Fournier won a 2021 CAREER Award for his project “Direct Interrogation of Proton-Coupled Electron Transfer Reaction Dynamics and Mechanisms with Cryogenic Ion and Ultrafast Vibrational Spectroscopies.” Fournier’s research program focuses on fast chemical reactions, particularly charge transport processes. By developing novel techniques for studying very fast reactions, Fournier aims to better understand biological processes like photosynthesis, energy storage and transfer, and cellular respiration. Fournier’s project also includes support for participation in WashU outreach programs aimed at attracting St. Louis-area high school students to STEM fields, including the Catalysts for Change program and the Young Scientist Program’s Summer Focus initiative.


Steven Frankel

Steven Frankel, assistant professor of mathematics and statistics

Frankel received a CAREER Award in 2021 for his project “Universal Circles Between Dynamics and Geometry.” Frankel studies the relationships between the shape of a space, its symmetries, and the kinds of dynamical systems it supports. His previous research showed that certain kinds of flows must always have orbits that close up on themselves to form loops. His new project builds on that work to ask what those orbits can reveal about the shape of a space. For the educational component of his NSF CAREER effort, Frankel proposed an interdisciplinary project that he calls the State Space Project, drawing together faculty from Arts & Sciences and the McKelvey School of Engineering to leverage mathematical dynamical systems to support people working in fields from physics to neuroscience.


Erik Henriksen

Erik Henriksen, associate professor of physics

Henriksen received a 2020 CAREER Award for research that explores many-particle interactions in graphene and other single-atom-thick materials. The behavior of electrons determines the fundamental properties of any material — such as its ability to conduct electricity, or its reflectivity. But these electron interactions are mostly impossible to directly perceive. Henriksen’s unique facility at Washington University allows him to shine infrared light through graphene under the influence of a strong magnetic field, at extremely low temperatures, revealing the fundamental ways in which electrons jostle with each other as part of a larger system and allowing Henriksen to observe novel particles and behaviors.

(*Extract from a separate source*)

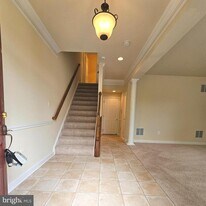 725 Chevington Ct in Woodbridge, VA - Building Photo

Henriksen's award also supports his efforts in the physics department and in collaboration with the American Physical Society to increase diversity in the physics community, making it more representative of the nation as a whole.


Michael J. Krawczynski

Michael J. Krawczynski, assistant professor of Earth and planetary sciences

Krawczynski won a CAREER Award in 2021 for his project “The Evolution of Super-Hydrous Magmas in the Earth’s Crust.” In the project, Krawczynski will apply experimental petrology, thermodynamics, and volcanology to explore how volcanoes work, especially how water affects the evolution of volcanoes and their behavior. This study will also be the first to experimentally determine geochemical pathways for the evolution of super-hydrous magmas in the deep crust. For the educational component of his NSF CAREER effort, Krawczynski will be partnering with WashU’s Fossett Laboratory for Virtual Planetary Exploration to create and distribute 3D lab modules and accompanying curricula using freely available augmented reality technology.


Rita Parai

Rita Parai, assistant professor of Earth and planetary sciences

Parai won a 2022 CAREER Award for her project “Heavy Noble Gases in the Azores Archipelago.” Parai’s research focuses on heavy noble gases – neon, argon, krypton, and xenon – as unique and powerful tracers for the origins and movement of volatile elements and compounds among planetary reservoirs over time. These volatiles include essential ingredients for life on Earth, such as carbon, nitrogen, and water, and their changing distributions between the deep Earth and the surface of the planet have implications for Earth’s past and future habitability. To broaden the pool of students who pursue advanced study of the geochemistry of the deep Earth, Parai is also developing an updated curriculum for radiogenic isotope geochemistry, highlighting geochemistry’s power in studying how planets form and evolve.